[Problem details]:
For this exercise, return exactly the lines of the material below that begin at the one with "NISSAN FAIRLADY Z 2008 Image 31" and stop after the one with "Piso en venta".

[Working data]:
■ ■ ■ ■ ■ ■ ■
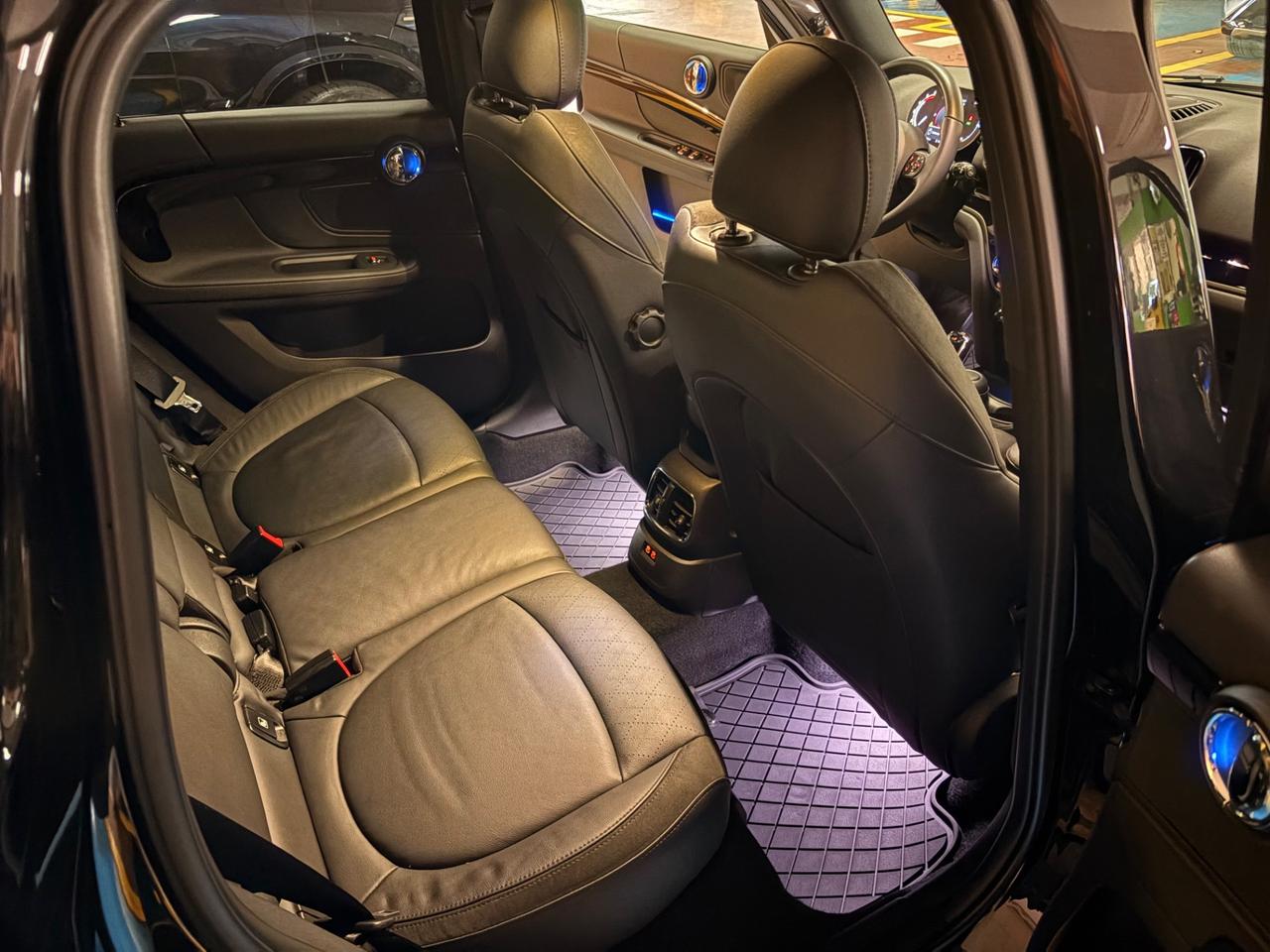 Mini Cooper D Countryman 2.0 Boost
■ ■ ■ ■ ■ ■ ■
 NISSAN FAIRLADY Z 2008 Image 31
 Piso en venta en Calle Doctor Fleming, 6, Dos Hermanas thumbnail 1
■ ■ ■ ■ ■ ■ ■
[Written answer]:
 NISSAN FAIRLADY Z 2008 Image 31
 Piso en venta en Calle Doctor Fleming, 6, Dos Hermanas thumbnail 1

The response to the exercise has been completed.